# [Data block]
---+---
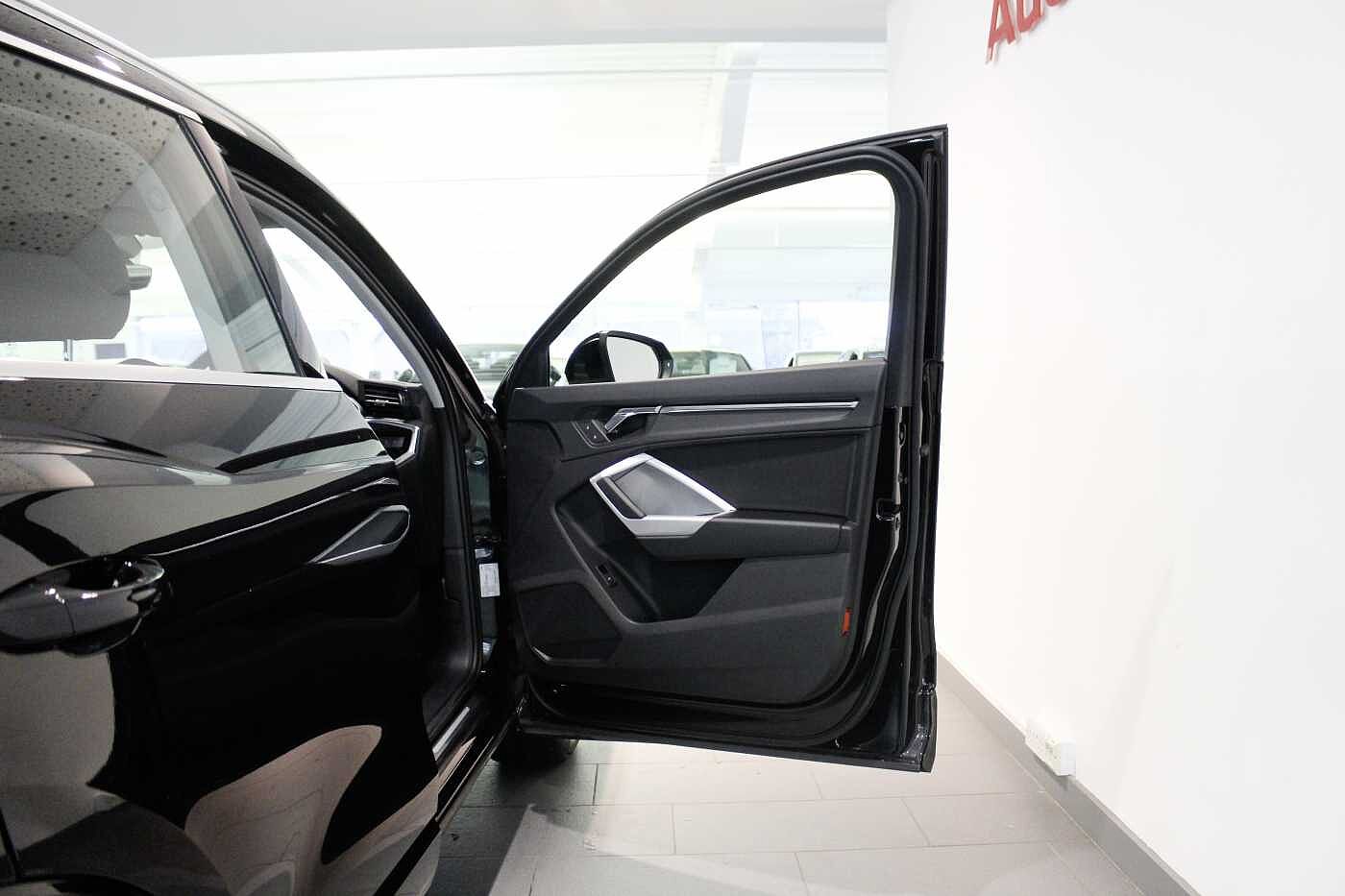 Used Audi Q3 2022 for sale - 76176047: Photo 11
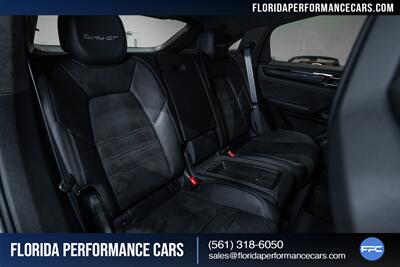 2022 Porsche Cayenne Turbo GT   - Photo 32 - Riviera Beach, FL 33407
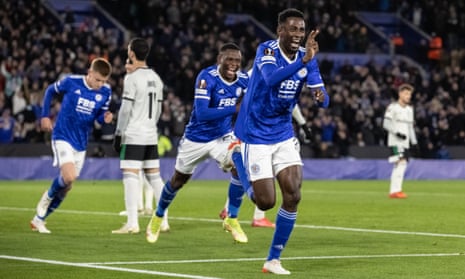 Wilfred Ndidi celebrates after scoring the third Leicester goal.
---+---
# [Your assignment]
Repeat the full listing above without altering a word, and skip the pictures.

# [Reply to the task]
 Used Audi Q3 2022 for sale - 76176047: Photo 11
 2022 Porsche Cayenne Turbo GT   - Photo 32 - Riviera Beach, FL 33407
 Wilfred Ndidi celebrates after scoring the third Leicester goal.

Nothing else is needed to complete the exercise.